The relatively short life of an office block has been demonstrated in a very vivid way in my own working life. Both the postwar buildings in which I started work at Kleinwort Benson were demolished and replaced in the 1980s.
How do investors estimate the likely growth rate of office rents? The CB Richard Ellis (formerly CB Hillier Parker) rent indices have been around for many years now, and offer some assistance. However, they are designed to indicate the market rent for Grade A space in an office centre, not the rent that would have been achieved on a specific building.
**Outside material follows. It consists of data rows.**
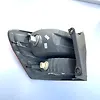 Tail Light (RH) - 2015 Jeep Grand Cherokee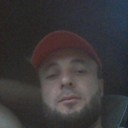 ���������� ������, ���� ������� �����, 39 ���, ������������ ��� ������, ����� � ���������, c�������� ���������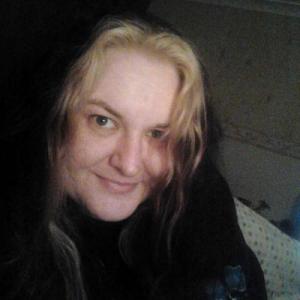 Profile picture of swing-through-life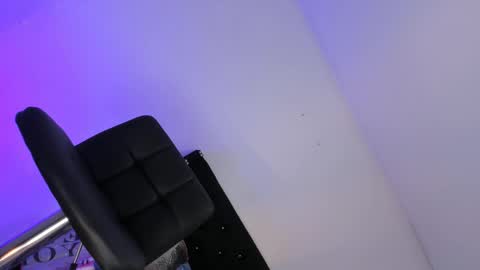 britannyxhorny online show from February 2025 01:39:01 PM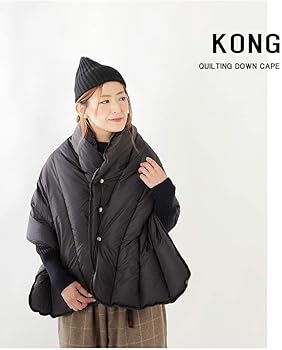 Amazon.co.jp: (ロフトラボ)The Loft Labo リバーシブル キルティング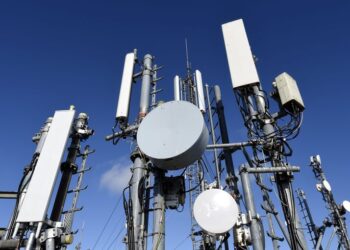 Numérisation du contrôle fiscal dans le secteur de la téléphonie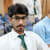 Junaid M.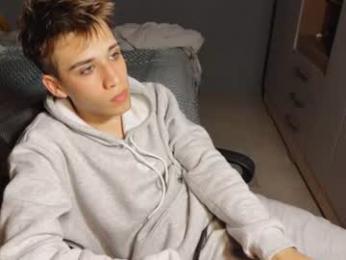 kevinonly43 webcam model stream image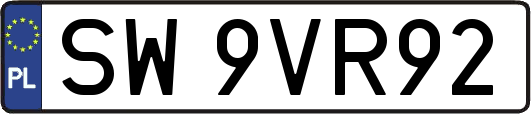 SW9VR92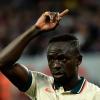 Wird mit dem FC Bayern in Verbindung gebracht: Sadio Mané vom FC Liverpool.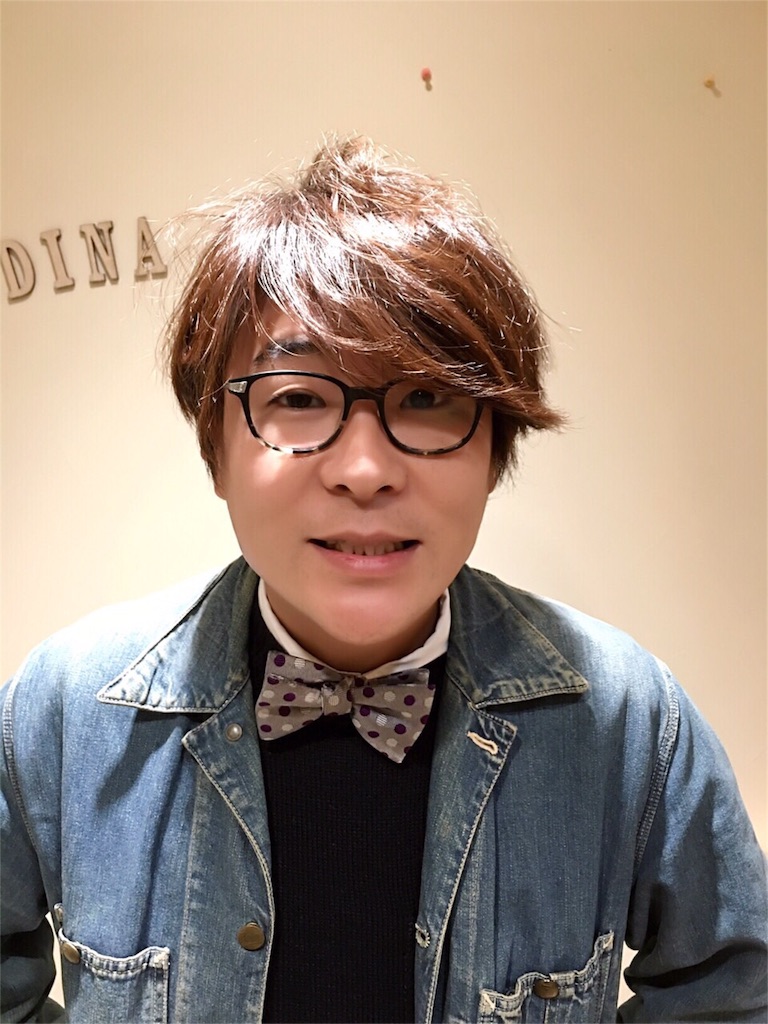 f:id:tadanorimatsuo:20160129120324j:image f:id:tadanorimatsuo:20160129120324j:image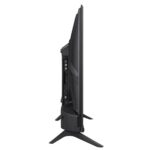 32" Телевизор LED HISENSE 32A4N — изображение 7
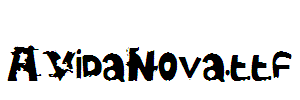 AVidaNova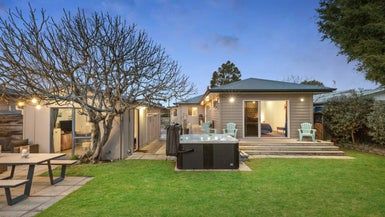  at 22 George Crescent, Buckland, Pukekohe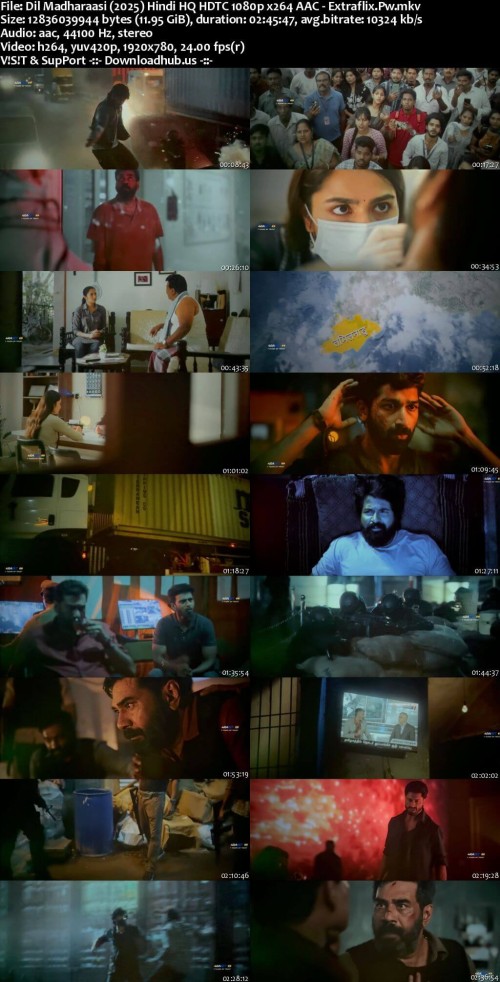 Dil-Madharaasi-2025-Hindi-HQ-HDTC-1080p-x264-AAC---Extraflix.Pw_s.jpg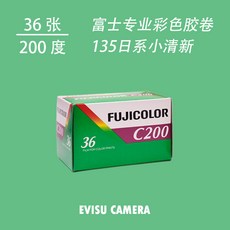 16930cf6276c5220fa0a274531af5d8b0f4a3a775f316243d291adac78d9.jpg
Landlords cannot, unfortunately, switch investments midstream if the building they own ceases to be the top space in a city. They are lumbered with their previous decision.
Cost calculation
The only real guide is whether it is economic to build anew. This is a combination of land value and building cost against the prevailing rent. Unfortunately, if you are the owner of a building of such age that it might be impossible to let it at any sensible rent, you have to see the land value as a sunk cost.
The most extreme example of this was Tokyo in the 1980s and 1990s. The land cost for most landlords was minute, and lost in the mists of history. Consequently, the benefit of building a new skyscraper and achieving rents based on the much higher current land values was enormous. The result was a continuing stream of office developments even when the economy was in decline. Rents fell steadily through the 1990s to reflect the excess supply.
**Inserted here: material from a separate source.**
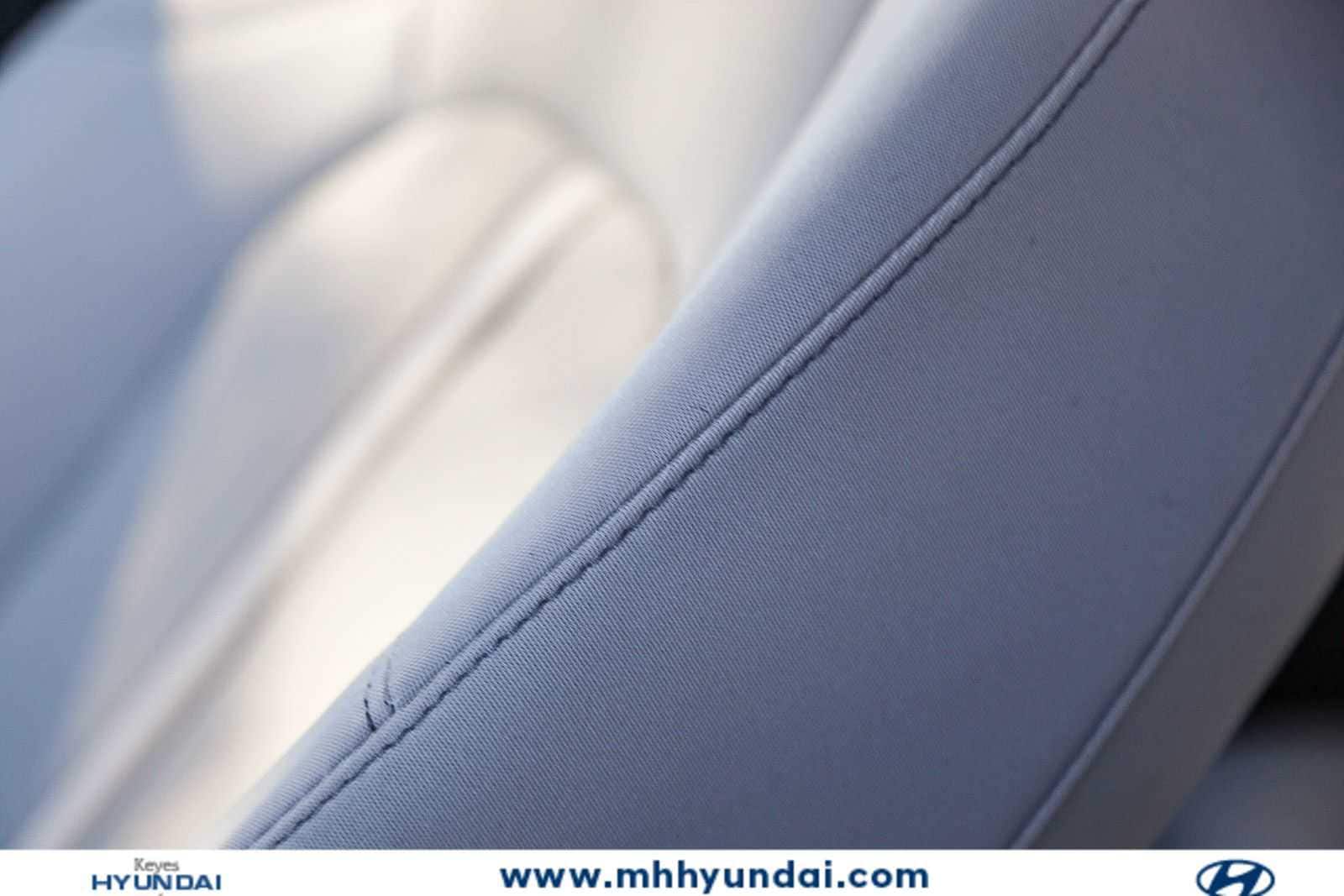 Thumbnail: 2026 Hyundai Sonata - 27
In most cities in the UK, the supply of new speculative development has already been curtailed. But it is far too soon to expect a rapid recovery in rents.
The worst in office redundancies may be over. That at least is a start. Investors in rack-rented offices have faced the worst returns of the three major investment areas, against shops and industrials, over the last two years.
Offices are highly cyclical investments and there have been several occasions when buying office investments has been a wonderful tactical ploy. I suspect it will be again, and some very shrewd investors have started bottom fishing. My conclusion is that office investments, unlike dogs, are for trading, not for life.